Sun Dec 8th through Sat the 14th, 2019 at Vancouver Convention Center
The paper studies a linear stochastic bandit problem where the learner observes only a distribution over the context vectors and the true context vector is a sample from this distribution. Authors propose a UCB-based algorithm and show that the uncertainty in the context vector leads to only a small additive regret. They also consider a variant of the problem where the realized context is observed after the learner takes an action. A kernelized version of the problem is also studied, and finally experimental results are reported. The setting of the current paper is very similar to the setting of the following paper: “Profile-Based Bandit with Unknown Profiles” by Sylvain Lamprier, Thibault Gisselbrecht, Patrick Gallinari; JMLR 19(53):1-40, 2018. The above paper studies a less restrictive version of the problem where only a sample from the context distribution is observed. I am concerned about the significance of the current paper in light of this earlier result. Please discuss the above paper in your related work section and explain the differences and similarities with their setting. Minor comment: The paragraph after equation (1): authors discuss two different notions of regret. They argue that one notion of regret is too difficult and leads to \Omega(T) regret. But in that example, the other notion of regret leads to 0 regret and the problem becomes trivial. You need a better example here.

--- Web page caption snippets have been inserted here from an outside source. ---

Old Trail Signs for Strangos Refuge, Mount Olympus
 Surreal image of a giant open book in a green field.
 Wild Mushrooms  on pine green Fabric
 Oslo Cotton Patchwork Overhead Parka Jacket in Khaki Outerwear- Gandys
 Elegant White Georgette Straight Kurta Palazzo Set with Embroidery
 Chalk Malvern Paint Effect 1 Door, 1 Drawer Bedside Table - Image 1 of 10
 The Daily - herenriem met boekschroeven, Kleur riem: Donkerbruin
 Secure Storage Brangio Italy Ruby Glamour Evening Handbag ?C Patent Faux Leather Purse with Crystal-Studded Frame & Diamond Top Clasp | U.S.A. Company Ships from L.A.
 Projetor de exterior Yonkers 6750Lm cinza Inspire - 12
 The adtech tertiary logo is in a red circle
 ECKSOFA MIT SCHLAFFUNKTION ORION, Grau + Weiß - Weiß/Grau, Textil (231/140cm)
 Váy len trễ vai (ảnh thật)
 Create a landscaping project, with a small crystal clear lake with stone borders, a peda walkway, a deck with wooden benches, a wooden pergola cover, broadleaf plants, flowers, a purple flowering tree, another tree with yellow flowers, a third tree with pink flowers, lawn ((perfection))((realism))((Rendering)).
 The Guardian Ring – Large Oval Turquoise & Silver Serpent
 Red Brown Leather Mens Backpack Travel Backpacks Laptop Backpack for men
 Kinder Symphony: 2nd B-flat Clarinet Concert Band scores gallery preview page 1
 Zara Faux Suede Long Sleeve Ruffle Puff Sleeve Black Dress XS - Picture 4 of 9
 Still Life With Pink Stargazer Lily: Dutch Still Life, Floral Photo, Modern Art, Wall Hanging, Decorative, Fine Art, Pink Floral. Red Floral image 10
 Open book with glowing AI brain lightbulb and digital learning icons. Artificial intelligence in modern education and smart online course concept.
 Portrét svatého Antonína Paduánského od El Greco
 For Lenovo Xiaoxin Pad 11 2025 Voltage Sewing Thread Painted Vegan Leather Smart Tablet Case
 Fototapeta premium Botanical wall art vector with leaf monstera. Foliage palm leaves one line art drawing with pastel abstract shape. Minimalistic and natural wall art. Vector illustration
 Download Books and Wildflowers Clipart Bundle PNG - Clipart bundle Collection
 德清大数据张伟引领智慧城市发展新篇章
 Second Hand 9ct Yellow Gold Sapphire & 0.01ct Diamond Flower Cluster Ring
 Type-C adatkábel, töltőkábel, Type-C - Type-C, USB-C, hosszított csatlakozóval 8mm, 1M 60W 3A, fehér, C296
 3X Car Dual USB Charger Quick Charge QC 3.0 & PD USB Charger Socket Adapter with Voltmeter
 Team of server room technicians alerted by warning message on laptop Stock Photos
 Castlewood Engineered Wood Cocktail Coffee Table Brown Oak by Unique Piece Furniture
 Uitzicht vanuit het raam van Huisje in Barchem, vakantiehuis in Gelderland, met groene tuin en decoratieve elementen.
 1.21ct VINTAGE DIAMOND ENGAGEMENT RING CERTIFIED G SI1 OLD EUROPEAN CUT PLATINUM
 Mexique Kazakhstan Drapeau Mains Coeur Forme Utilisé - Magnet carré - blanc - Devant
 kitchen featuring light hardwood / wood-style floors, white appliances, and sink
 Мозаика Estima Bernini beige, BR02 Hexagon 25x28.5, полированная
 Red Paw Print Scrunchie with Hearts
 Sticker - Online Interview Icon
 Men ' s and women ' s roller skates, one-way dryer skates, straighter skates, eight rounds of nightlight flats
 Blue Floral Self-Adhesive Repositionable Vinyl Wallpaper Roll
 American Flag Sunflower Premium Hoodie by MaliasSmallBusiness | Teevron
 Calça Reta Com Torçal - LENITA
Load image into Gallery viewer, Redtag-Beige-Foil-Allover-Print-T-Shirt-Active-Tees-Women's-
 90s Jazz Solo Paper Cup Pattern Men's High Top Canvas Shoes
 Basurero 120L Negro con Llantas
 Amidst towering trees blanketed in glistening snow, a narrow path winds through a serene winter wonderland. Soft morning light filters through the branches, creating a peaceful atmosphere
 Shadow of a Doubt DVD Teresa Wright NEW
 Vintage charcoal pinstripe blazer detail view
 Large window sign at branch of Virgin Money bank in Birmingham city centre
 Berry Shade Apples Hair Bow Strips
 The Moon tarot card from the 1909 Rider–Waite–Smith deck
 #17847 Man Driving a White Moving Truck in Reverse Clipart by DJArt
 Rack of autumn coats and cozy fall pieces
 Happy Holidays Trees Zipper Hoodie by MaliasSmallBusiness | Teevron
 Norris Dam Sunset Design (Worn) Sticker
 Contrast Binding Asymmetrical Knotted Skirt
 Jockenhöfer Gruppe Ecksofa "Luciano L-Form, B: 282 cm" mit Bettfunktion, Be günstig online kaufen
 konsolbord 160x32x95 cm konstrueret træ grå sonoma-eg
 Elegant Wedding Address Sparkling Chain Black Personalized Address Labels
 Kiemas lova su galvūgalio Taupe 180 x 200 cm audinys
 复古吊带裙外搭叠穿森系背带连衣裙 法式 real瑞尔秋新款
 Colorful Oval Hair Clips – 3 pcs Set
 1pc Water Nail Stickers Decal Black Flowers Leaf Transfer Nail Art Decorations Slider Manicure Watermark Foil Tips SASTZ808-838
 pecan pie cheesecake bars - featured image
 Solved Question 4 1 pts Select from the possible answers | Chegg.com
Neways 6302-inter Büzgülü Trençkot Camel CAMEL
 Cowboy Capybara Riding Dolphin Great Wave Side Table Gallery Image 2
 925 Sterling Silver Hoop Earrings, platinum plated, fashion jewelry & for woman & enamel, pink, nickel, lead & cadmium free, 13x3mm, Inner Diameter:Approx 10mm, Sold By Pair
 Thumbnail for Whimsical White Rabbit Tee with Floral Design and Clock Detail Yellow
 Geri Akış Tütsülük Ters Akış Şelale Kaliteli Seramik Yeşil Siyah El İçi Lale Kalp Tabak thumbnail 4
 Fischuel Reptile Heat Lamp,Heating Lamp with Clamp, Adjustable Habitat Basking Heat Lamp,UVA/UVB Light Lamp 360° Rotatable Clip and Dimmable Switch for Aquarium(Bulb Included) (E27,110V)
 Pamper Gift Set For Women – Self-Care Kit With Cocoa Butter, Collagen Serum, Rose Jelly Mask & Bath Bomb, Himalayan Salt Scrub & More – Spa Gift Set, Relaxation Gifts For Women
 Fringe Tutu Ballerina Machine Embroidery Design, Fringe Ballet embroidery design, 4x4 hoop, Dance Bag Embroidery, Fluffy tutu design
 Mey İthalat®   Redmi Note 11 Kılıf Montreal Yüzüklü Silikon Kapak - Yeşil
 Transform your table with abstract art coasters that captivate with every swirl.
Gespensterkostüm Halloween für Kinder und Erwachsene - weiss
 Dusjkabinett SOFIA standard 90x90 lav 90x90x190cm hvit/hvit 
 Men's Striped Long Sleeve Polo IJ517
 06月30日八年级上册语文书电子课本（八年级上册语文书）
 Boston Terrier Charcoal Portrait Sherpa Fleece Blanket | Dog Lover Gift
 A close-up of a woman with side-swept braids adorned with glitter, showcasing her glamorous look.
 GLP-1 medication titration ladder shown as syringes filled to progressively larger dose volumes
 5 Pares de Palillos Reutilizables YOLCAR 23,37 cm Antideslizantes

- Originality: There are two main contributions of this paper. The first one is to consider a CB setting where the context is not known exactly, but only in a distributional sense. The second one is that the author gives an effective algorithm under this setting, analyzing the regret theoretically, and empirically examine the performance on three datasets. - Significance: This paper seems to be a useful contribution to the CB literature, and will motivate some new algorithms in this new setting. Also, the author empirically examines how many data will be suitable to form a context set. - Quality: The theorem is clearly-stated. And I am a little bit concerned about the weak baseline. Even the paper justifies that if we compare with the original baseline, we will get an order T regret without knowing context realization. I am wondering is it possible to give a stronger regret analysis (compared with the original strong baseline) under some specific cases (say with some restriction on the context distribution and reward structure)? For the experiments, in the Movielens case, it is interesting to see the hidden (with sample 100) is better than hidden (expected), any justifications? Also for the Crop Data case, it is better to include some justifications about the very small advantage of using exact context. -Clarity: The paper is well-written and it will be great if there are more explanation of the results from the experiments.
This paper is interesting and well written in general. To the best of my knowledge, this is the first paper that studies contextual (stochastic) bandits with context distributions, which is an interesting problem. After a high-level check, I think the analysis is (high-level) technically correct. The experiment results are also interesting. My only major concern is that this paper might be relatively technically straightforward based on existing literature. In particular, the proof for Theorem 1 (the major theoretical result) seems to be quite straightforward by identifying some Martingale difference sequences. Please clarify! ----------------------------------------------------------------------------------- I have read the rebuttal and prefer to keep my score.